Start of Block

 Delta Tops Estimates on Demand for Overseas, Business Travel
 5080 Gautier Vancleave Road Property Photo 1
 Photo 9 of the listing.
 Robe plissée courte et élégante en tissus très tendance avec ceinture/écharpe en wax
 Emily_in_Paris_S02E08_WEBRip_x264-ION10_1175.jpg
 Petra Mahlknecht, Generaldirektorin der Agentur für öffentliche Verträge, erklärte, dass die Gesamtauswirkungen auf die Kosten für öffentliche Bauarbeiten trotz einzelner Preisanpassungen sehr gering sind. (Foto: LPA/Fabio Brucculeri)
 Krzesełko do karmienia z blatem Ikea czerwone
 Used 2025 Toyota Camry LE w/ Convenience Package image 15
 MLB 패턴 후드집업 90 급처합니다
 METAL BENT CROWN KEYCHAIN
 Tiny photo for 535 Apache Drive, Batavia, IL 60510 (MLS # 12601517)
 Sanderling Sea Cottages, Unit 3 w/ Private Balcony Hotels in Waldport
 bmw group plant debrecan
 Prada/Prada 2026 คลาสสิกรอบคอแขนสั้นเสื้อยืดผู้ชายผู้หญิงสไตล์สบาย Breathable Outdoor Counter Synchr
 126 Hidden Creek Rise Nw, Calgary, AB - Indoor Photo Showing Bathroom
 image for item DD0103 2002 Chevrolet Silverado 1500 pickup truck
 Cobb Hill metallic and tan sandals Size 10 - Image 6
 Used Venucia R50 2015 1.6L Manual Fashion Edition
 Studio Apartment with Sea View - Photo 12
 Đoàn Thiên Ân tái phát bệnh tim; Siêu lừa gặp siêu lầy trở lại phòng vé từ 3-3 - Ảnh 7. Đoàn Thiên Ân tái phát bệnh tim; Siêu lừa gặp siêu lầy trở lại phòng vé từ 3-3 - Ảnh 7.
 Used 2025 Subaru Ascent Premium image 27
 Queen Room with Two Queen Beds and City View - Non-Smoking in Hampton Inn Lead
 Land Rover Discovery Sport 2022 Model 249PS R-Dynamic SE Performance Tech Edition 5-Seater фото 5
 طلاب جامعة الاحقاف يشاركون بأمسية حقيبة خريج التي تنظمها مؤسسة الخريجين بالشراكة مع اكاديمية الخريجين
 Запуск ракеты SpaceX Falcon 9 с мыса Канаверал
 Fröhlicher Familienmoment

End of Block

_WHAT YOU WILL DO:_ Repeat all the entries exactly as given.

_EXERCISE OUTPUT:_
 Delta Tops Estimates on Demand for Overseas, Business Travel
 5080 Gautier Vancleave Road Property Photo 1
 Photo 9 of the listing.
 Robe plissée courte et élégante en tissus très tendance avec ceinture/écharpe en wax
 Emily_in_Paris_S02E08_WEBRip_x264-ION10_1175.jpg
 Petra Mahlknecht, Generaldirektorin der Agentur für öffentliche Verträge, erklärte, dass die Gesamtauswirkungen auf die Kosten für öffentliche Bauarbeiten trotz einzelner Preisanpassungen sehr gering sind. (Foto: LPA/Fabio Brucculeri)
 Krzesełko do karmienia z blatem Ikea czerwone
 Used 2025 Toyota Camry LE w/ Convenience Package image 15
 MLB 패턴 후드집업 90 급처합니다
 METAL BENT CROWN KEYCHAIN
 Tiny photo for 535 Apache Drive, Batavia, IL 60510 (MLS # 12601517)
 Sanderling Sea Cottages, Unit 3 w/ Private Balcony Hotels in Waldport
 bmw group plant debrecan
 Prada/Prada 2026 คลาสสิกรอบคอแขนสั้นเสื้อยืดผู้ชายผู้หญิงสไตล์สบาย Breathable Outdoor Counter Synchr
 126 Hidden Creek Rise Nw, Calgary, AB - Indoor Photo Showing Bathroom
 image for item DD0103 2002 Chevrolet Silverado 1500 pickup truck
 Cobb Hill metallic and tan sandals Size 10 - Image 6
 Used Venucia R50 2015 1.6L Manual Fashion Edition
 Studio Apartment with Sea View - Photo 12
 Đoàn Thiên Ân tái phát bệnh tim; Siêu lừa gặp siêu lầy trở lại phòng vé từ 3-3 - Ảnh 7. Đoàn Thiên Ân tái phát bệnh tim; Siêu lừa gặp siêu lầy trở lại phòng vé từ 3-3 - Ảnh 7.
 Used 2025 Subaru Ascent Premium image 27
 Queen Room with Two Queen Beds and City View - Non-Smoking in Hampton Inn Lead
 Land Rover Discovery Sport 2022 Model 249PS R-Dynamic SE Performance Tech Edition 5-Seater фото 5
 طلاب جامعة الاحقاف يشاركون بأمسية حقيبة خريج التي تنظمها مؤسسة الخريجين بالشراكة مع اكاديمية الخريجين
 Запуск ракеты SpaceX Falcon 9 с мыса Канаверал
 Fröhlicher Familienmoment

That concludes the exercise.